Wird ein Vergleich geschlossen, so muss jede Partei den eigenen Rechtsanwalt und anteilig die bereits entstandenen Gerichtskosten zahlen. Das bedeutet, es ist bereits eine Klage oder eine einstweilige Verfügung erhoben/erwirkt worden. Somit entstehen Gerichtskosten.

Danach sind die € 270,- angefallen und die Rechtsanwaltskosten in Höhe von € 510,-.

Punkt Prozesskostenhilfe: Normalerweise könnte die Ihnen zustehen, wenn Ihre wirtschaftliche Situation schlecht ist, dass Sie sich keinen Rechtsbeistand leisten können.
Deswegen der Antrag auf PKH. Der ist abgelehnt, also ein negativer Verwaltungsakt erlassen. Es ist immer eine Rechtsbehelfsbelehrung dabei. Die Widerspruchsfrist beträgt 30 Tage.
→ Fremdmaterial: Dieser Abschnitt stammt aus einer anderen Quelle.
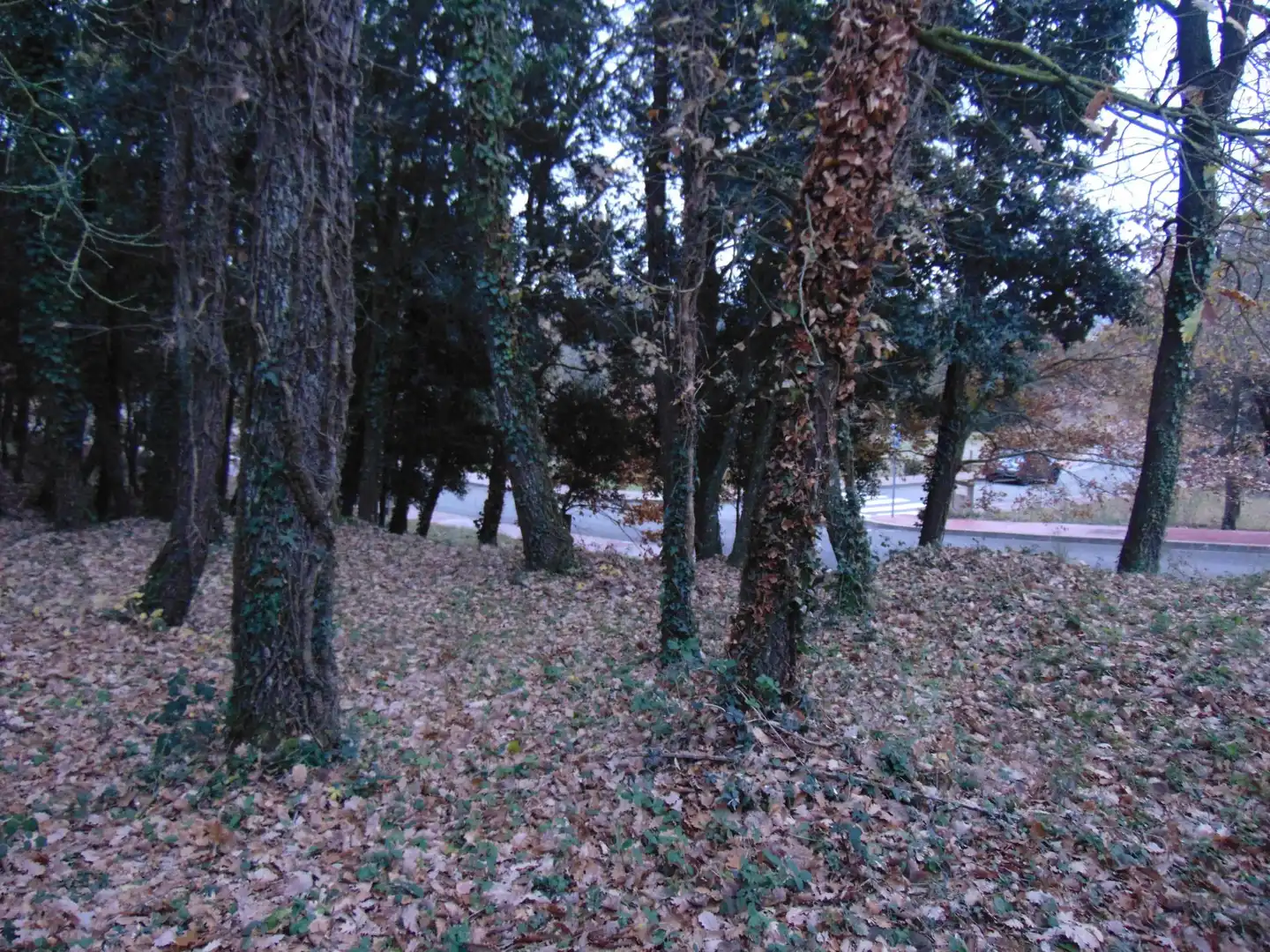 Residential land for sale in del Castell de la Popa 23, imagen 7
Es ist auf jeden Fall jetzt erst einmal wichtig, innerhalb der 30 Tage einen Widerspruch zu formulieren. Der muss eine Begründung enthalten.
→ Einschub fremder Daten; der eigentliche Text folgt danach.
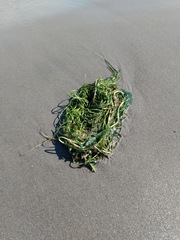 Zosteraceae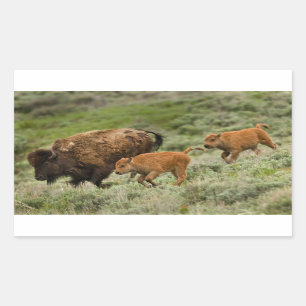 Lamar Valley Mini Stampede Rechteckiger Aufkleber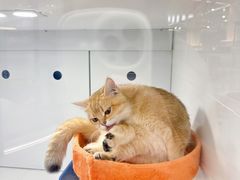 -1013 PET SHOP精品宠物商店(丁香店)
Ich würde Ihnen raten, dass Sie Ihren Anwalt wegen der Rechnung und dem ablehnenden Bescheid noch einmal aufsuchen und erfragen, warum der Antrag abgelehnt wurde.
Der Anwalt kann Ihnen da sicherlich weiterhelfen. Alternativ besteht die Möglichkeit, dass Sie zu Ihrem Amtsgericht gehen. Dort bekommen Sie normalerweise auch eine entsprechende Auskunft. Ich könnte mir vorstellen, dass Sie wegen Ihrer wirtschaftlichen Situation auch in dem geschilderten Fall PKH erhalten könnten. Genau wird das aber nur der Anwalt oder das Gericht sagen können.

Viele Grüsse

eterno

ist es zum Prozess gekommen? wenn nicht dann pech

Hallo,
unabhängig von deiner Studienplatzzusage hast du einen Anwalt um Rechtsbeistand beauftragt und das kostet Geld. Da es keinen Prozeß gab, gibt es auch keine PKH. Ich denke, den Anwalt mußt du bezahlen.
Viele Grüße - Rat

Hallo,
klären, welche Arbeiten die Prozesskosten beinhalten und ob nachvollziehbar.
In jedem Fall mit dem Anwalt ruhig und sachlich verhandeln! viel Glück!
Wieso wurde die Genehmigung des Antrags auf Prozeßkostenhilfe nicht abgewartet und dann Anwalt eingeschaltet?
MfG
KKl

Hallo,

für eine Studienplatzklage habe ich einen Anwalt
eingeschaltet. Da ich nur geringes Einkommen habe, habe ich
auch eine PKH-Antrag gestellt.

Die Klage mit meinem PKH-Antrag ginge bei dem örtlichen
Verwaltungsgericht ein.
Vor der Entscheidung über mein PKH-Antrag bekam ich von der
Uni doch noch eine Zulassung, meinen Anwalt habe ich über die
Zulassung informiert. Daraufhin wurde natürlich auch mein
PKH-Antrag vom Gericht abgelehnt. Nun habe ich eine Rechnung
von knapp 780 € von meinem Anwalt, dabei wurden auch
Prozesskosten (ca. 270 €) berechnet.

Ist das so richtig? Es kam doch zu keinem Prozess?

Ich bedanke mich im Voraus für eine Information.